Very simple, but effective, and works brilliantly on the prototyping breadboard and setup to prevent any data-collisions(with four picaxe's), even if I deliberately set two off at the same time, my only concern is basically if there is a limit to how many I can couple up like this - if I can get my 12, i'll be happy. :) Essentially, I am trying to decide if I can go ahead, without actually building a network of 12 to play with, and based on the testing of 4 or so, it should be expandable out to 12 without any major problem, correct?

Each unit only sends 6 bytes, so there should be no problems with long messages.
 
Last edited:

BeanieBots

Moderator
I'm a little confused between your text and your diagram.
Is the "common line" driven by just one PICAXE output?
Are the outputs of that circuit going to PICAXE inputs?

If yes to both, then no need for all that circuitry at all.
Just connect all the inputs together and connect to the single output.
If you are concerned that one or more of the inputs can become an output, then just put a single resistor between input and common line. (1k to 10k).

If all the connections on the right are outputs, that circuit won't work at all.

Maybe if you were to draw the complete diagram (only a few channels required, not all twelve) clearly showing what are inputs and what are outputs it would be clearer what you are trying to do.
 

Dippy

Moderator
I'm a bit confused too - but, in my case, that's not difficult ;)

Basically you have a rectified input to each PICAXE to smooth the serial data for easier detection.
I can understand that. Though adding more like this could affect signal shape.

This assumes I have got the "Coomon Input Line" as your 'bus' from PICAXE Serial Outputs?????

Does this mean you have an extra line to each PICAXE for a proper Serial DATA In?

And an extra Serial Out from each PICAXE to put data on 'bus'?
If so, there could be problems there if the other PICAXE's pins are in output mode.
The solution is quite easy but depends on which PICAXE i.e. the pin config.

I agree with BB, more description (but not more PICAXEs) is required.
 

Grogster

Senior Member
OK, sorry for the confusion.

The "Common input line" is a single core in a multicore cable, connected in parallel to every "Node" on the serial-bus cable.

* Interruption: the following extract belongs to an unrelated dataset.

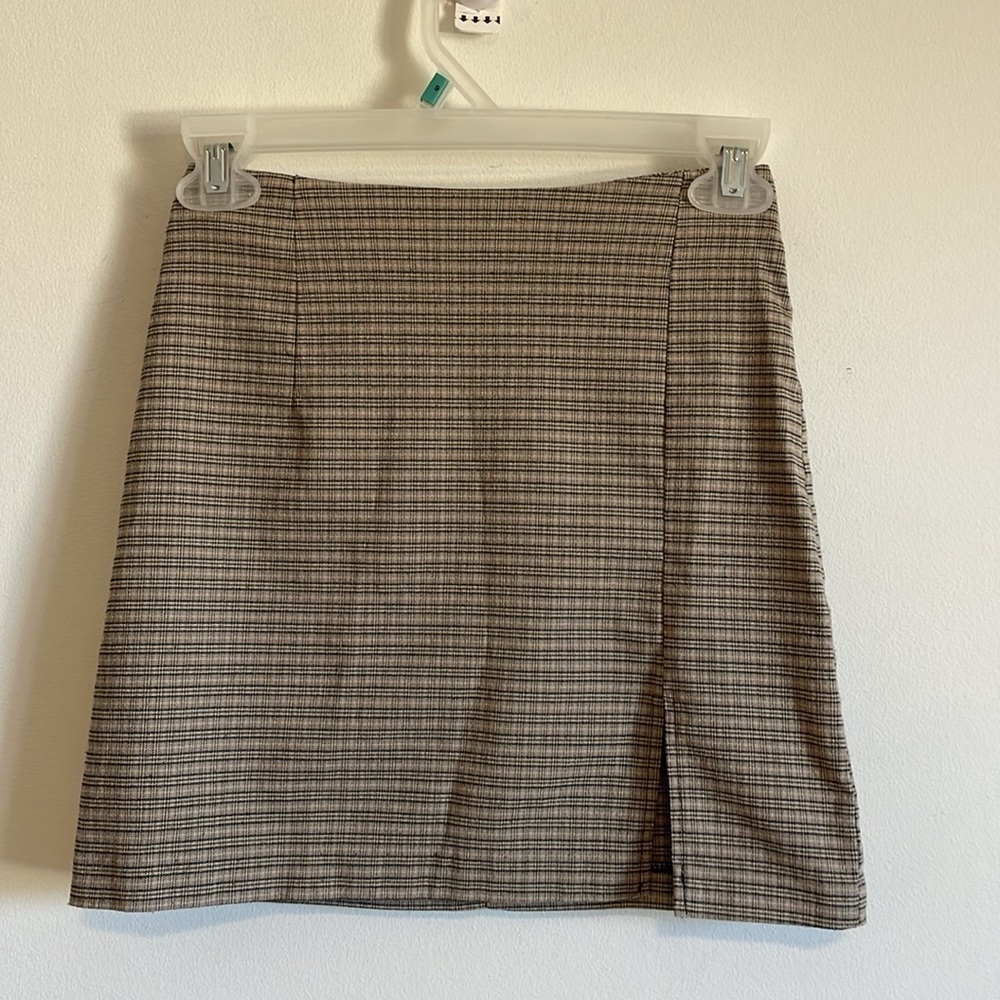VTG Plaid Mini Skirt Y2K In Charge XS Tan Academia Neutral Prep Alt Soft Grunge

The line is held low(via a 560R resistor) at the processing end of the bus, so is normally-low.
Each node can pull this common-line high when it wants to send data along the serial bus, and it first checks that this line is low before it tries to send - a high present on this line, indicates that another node somewhere else, is currently transmitting serial data on the bus, and so that node then waits and repeatedly polls this line until it is low, meaning no other nodes are using the bus, and it can then transmit it's serial message. It is important to understand that I am NOT sending serial along the common-line in the diagram - it is just on/off logic.

Serial comms are sent out on an output of each chip, diode-gated to the bus as explained to me by other members here on another thread, and the serial line uses another core in the cable. :)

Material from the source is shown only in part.